Four Rooms (1995), directed by Allison Anders, Alexander Rockwell, Robert Rodriguez and Quentin Tarantino, with Tim Roth, Madonna, Lili Taylor, Antonio Banderas, Marisa Tomei, Jennifer Beals, Alicia Witt, Paul Calderon, Ione Skye, Bruce Willis and Quentin Tarantino – Four rooms. Four stories. Four directors. Essentially, four short films joined together by a loose narrative about a bellhop (Tim Roth) trying to keep his wits together during a wild New Year’s Eve at a swanky hotel. In spite of the hate this movie gets, I liked Four Rooms a lot when I was younger. Looking back, it’s no surprise since the majority of the film’s humor seems to be tailored toward adolescents — the first two tales alone contain an extraordinary number of dick jokes, possibly more than I’ve ever encountered in a film before. That being said, it’s the first two stories — directed by Anders (Gas, Food, Lodging) and Rockwell (In The Soup) that are the weakest. As much as you can blame the Weinsteins for cutting the runtime of these segments short in favor of giving more time to Tarantino’s section … the first two stories aren’t very good premise-wise. The first is about a coven of witches (one of whom is played by Madonna) in need of a man’s sperm (namely, that of Tim Roth’s bellhop character Ted) to complete their brew. The second involves Roth’s character Ted finding himself caught in the middle of a couple’s kinky role-play — the couple is played by Jennifer Beals (Flashdance) and David Proval (The Sopranos). There are bits in each of these stories that make me laugh, however, so without knowing if and what wound up on the cutting room floor, it’s hard to pass judgment.

Story number three, directed by Robert Rodriguez, seems to be most people’s favorite of the bunch.
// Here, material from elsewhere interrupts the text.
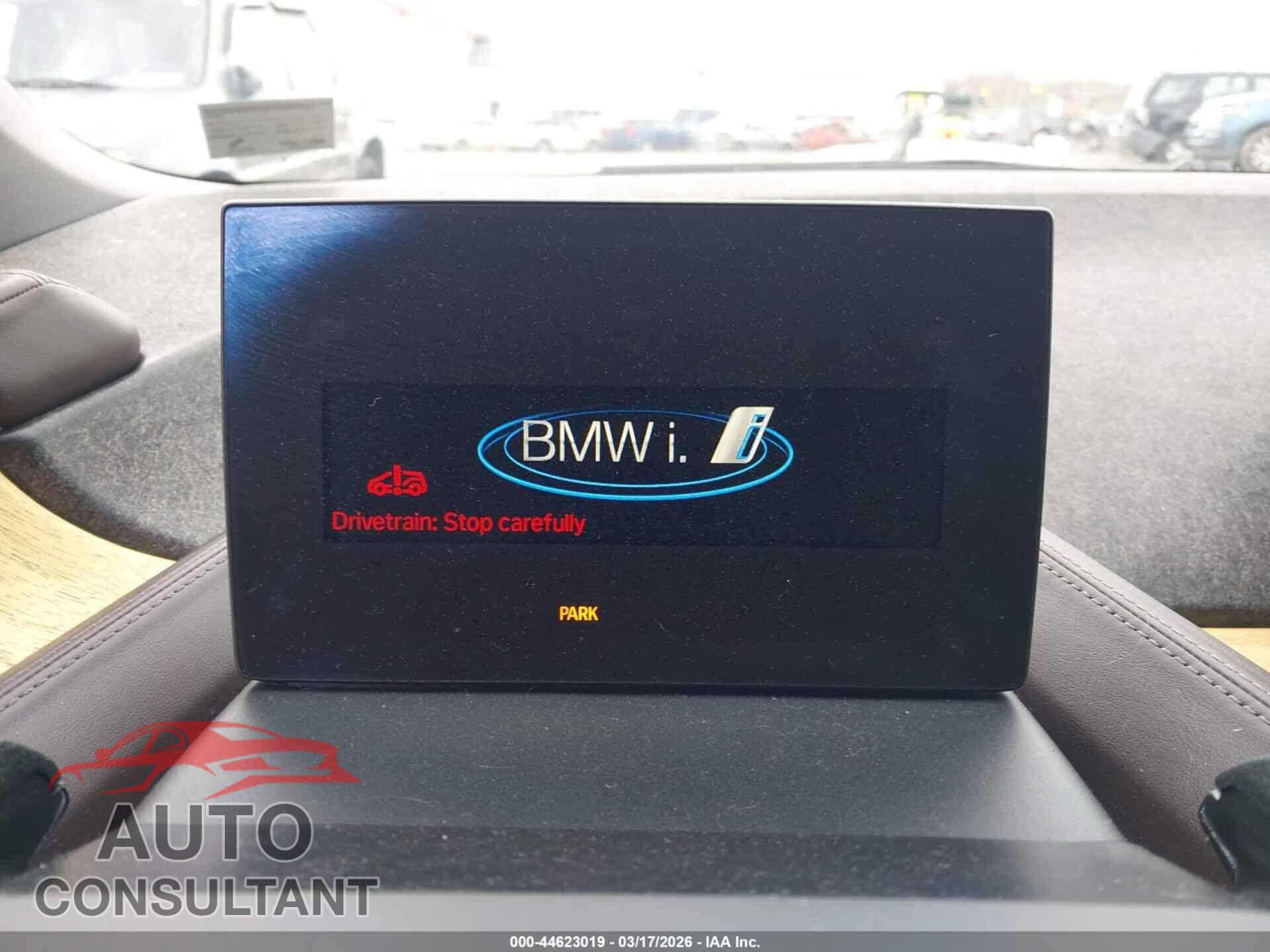 BMW I3 2019 - WBY8P4C56K7F10426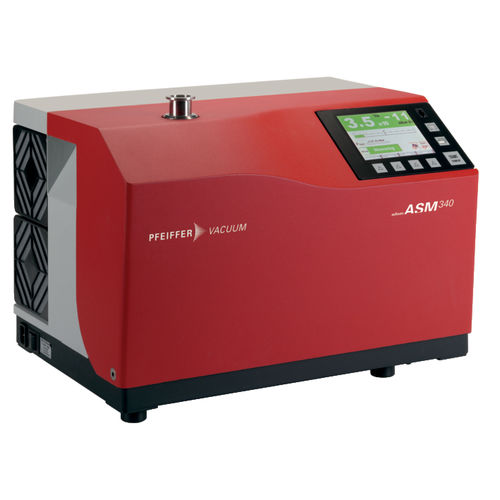 Гелиевый детектор утечек - ASM 340  - Pfeiffer Vacuum+Fab Solutions - с цифровым дисплеем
It’s definitely mine. Antonio Banderas plays a hotel guest who wants nothing more than to take his wife out for a night on the town. Ted the Bellhop is talked into taking care of his two children for $500. Ted’s child-sitting techniques are questionable — instead of staying in the room with the kids, he puts ointment on their eyelids and tells them to go to sleep. He also tells them that if they open their eyes, that the salve will burn their eyeballs. Pretty sick, but this is just a ruse and the kids — Sara, the oldest (Lana McKissack) and her little brother Juancho (Danny Verduzco) — call Ted’s bluff. They wash their eyes off in the sink and, with Ted elsewhere in the hotel, proceed to go bonkers in the hotel room. The chaos that ensues is masterfully directed by Rodriguez as if it were a live-action Tom & Jerry cartoon — if it’s possible for a Tom & Jerry cartoon to end with the discovery of a dead hooker underneath a bed. (The dead hooker is the culmination of a running gag in which the two kids, throughout the sketch, argue over a bad smell coming from the room.)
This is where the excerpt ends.